Всех отказавшихся даже при таких обстоятельствах подписать телеграмму было не двенадцать, а девятнадцать человек, но остальные семь уже после приговора и после помилования тех, которые подавали телеграмму, не устояли и присоединилась к ходатайству о помиловании.

После объявления приговора все двенадцать были закованы в ножные и ручные кандалы, и с этого момента тюремная администрация их выделила в совершенно особую группу. Зная их, она их не трогала, так как боялась, что всякое происшествие с ними получит широкую огласку. Кроме того, трогать было рискованно и персонально для надзирателей; так, например, с Петром Бабичем был такой случай: один надзиратель, из вновь нанятых, как-то ударил его; Бабич тут же накинул ему на шею свои ручные шандалы и начал душить, и, если бы не подоспела помощь, надзиратель, наверное, погиб бы.

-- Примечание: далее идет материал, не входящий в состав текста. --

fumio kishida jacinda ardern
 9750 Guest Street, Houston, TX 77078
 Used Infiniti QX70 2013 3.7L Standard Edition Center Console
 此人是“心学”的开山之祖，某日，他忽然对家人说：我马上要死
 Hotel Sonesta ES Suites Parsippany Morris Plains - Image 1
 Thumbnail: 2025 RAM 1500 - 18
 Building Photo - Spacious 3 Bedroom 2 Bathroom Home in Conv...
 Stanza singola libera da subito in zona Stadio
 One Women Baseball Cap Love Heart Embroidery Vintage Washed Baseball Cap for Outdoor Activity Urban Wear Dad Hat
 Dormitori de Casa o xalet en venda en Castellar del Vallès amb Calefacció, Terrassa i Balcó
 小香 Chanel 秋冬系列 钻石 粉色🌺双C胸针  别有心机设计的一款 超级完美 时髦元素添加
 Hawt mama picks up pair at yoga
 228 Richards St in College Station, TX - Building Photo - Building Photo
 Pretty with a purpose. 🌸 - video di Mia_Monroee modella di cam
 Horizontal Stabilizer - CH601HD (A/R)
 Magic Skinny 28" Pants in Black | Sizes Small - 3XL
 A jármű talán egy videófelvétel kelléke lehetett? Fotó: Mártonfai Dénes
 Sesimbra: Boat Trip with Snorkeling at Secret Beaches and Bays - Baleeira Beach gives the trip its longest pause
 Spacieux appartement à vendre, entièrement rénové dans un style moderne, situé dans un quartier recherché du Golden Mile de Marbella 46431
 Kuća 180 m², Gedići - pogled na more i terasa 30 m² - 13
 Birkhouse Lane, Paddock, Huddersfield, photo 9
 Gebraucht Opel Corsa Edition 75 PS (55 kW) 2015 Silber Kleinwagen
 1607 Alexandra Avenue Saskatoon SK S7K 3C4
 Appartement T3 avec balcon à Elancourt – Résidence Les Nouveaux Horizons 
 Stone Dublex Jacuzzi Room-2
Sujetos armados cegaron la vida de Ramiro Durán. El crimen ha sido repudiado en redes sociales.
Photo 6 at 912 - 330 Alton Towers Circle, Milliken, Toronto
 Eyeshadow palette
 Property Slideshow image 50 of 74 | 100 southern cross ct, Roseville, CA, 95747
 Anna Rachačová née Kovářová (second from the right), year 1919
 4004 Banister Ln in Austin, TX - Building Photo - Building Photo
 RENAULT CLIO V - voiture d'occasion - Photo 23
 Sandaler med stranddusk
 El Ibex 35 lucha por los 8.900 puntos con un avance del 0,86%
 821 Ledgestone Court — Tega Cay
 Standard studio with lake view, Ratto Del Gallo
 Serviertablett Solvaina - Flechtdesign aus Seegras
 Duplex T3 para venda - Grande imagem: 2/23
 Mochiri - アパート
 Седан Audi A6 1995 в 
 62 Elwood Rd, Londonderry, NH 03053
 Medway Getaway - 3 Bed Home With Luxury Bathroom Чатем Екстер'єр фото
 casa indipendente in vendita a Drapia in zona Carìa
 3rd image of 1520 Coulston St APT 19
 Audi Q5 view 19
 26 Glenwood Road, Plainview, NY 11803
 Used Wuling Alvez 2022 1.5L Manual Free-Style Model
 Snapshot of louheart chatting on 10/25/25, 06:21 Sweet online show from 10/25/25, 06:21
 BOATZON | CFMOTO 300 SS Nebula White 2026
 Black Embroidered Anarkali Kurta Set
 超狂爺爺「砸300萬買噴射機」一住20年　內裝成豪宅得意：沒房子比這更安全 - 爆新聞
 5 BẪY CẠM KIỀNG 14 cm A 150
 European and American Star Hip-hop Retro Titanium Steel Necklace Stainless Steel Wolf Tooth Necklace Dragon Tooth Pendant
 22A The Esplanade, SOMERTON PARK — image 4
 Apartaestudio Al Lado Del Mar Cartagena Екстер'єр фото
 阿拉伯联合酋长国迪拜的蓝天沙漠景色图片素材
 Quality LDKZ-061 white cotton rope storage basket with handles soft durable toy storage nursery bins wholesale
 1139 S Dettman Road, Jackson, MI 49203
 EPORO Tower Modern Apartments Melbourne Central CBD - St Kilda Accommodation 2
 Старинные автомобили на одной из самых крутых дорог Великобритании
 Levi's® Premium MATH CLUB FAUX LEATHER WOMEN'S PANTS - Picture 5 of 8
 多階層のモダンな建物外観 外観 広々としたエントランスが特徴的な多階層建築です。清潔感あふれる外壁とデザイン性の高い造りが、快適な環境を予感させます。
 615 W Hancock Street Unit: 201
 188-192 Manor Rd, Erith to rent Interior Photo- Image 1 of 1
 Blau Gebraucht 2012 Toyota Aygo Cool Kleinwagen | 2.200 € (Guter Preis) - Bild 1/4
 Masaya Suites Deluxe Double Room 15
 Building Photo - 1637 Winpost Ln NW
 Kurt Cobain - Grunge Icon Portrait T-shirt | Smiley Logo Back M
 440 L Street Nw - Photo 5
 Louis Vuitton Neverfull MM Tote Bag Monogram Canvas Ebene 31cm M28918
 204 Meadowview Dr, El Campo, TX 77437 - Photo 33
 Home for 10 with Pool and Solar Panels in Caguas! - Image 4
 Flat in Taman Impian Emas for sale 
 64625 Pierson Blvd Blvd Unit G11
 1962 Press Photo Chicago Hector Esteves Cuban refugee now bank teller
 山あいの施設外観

Такая решительность, как известно, всегда вызывает в тюрьме вежливое и опасливое отношение, и потому тюремная администрация старалась их не трогать; но она понимала, что зги люди внушают непокорный дух всей остальной тюрьме. При всяких тюремных эксцессах и голодовках они становятся во главе движения. И, как ни старались их изолировать, они сильно влияли на весь склад тюремной жизни, внося в него свой мятежный дух.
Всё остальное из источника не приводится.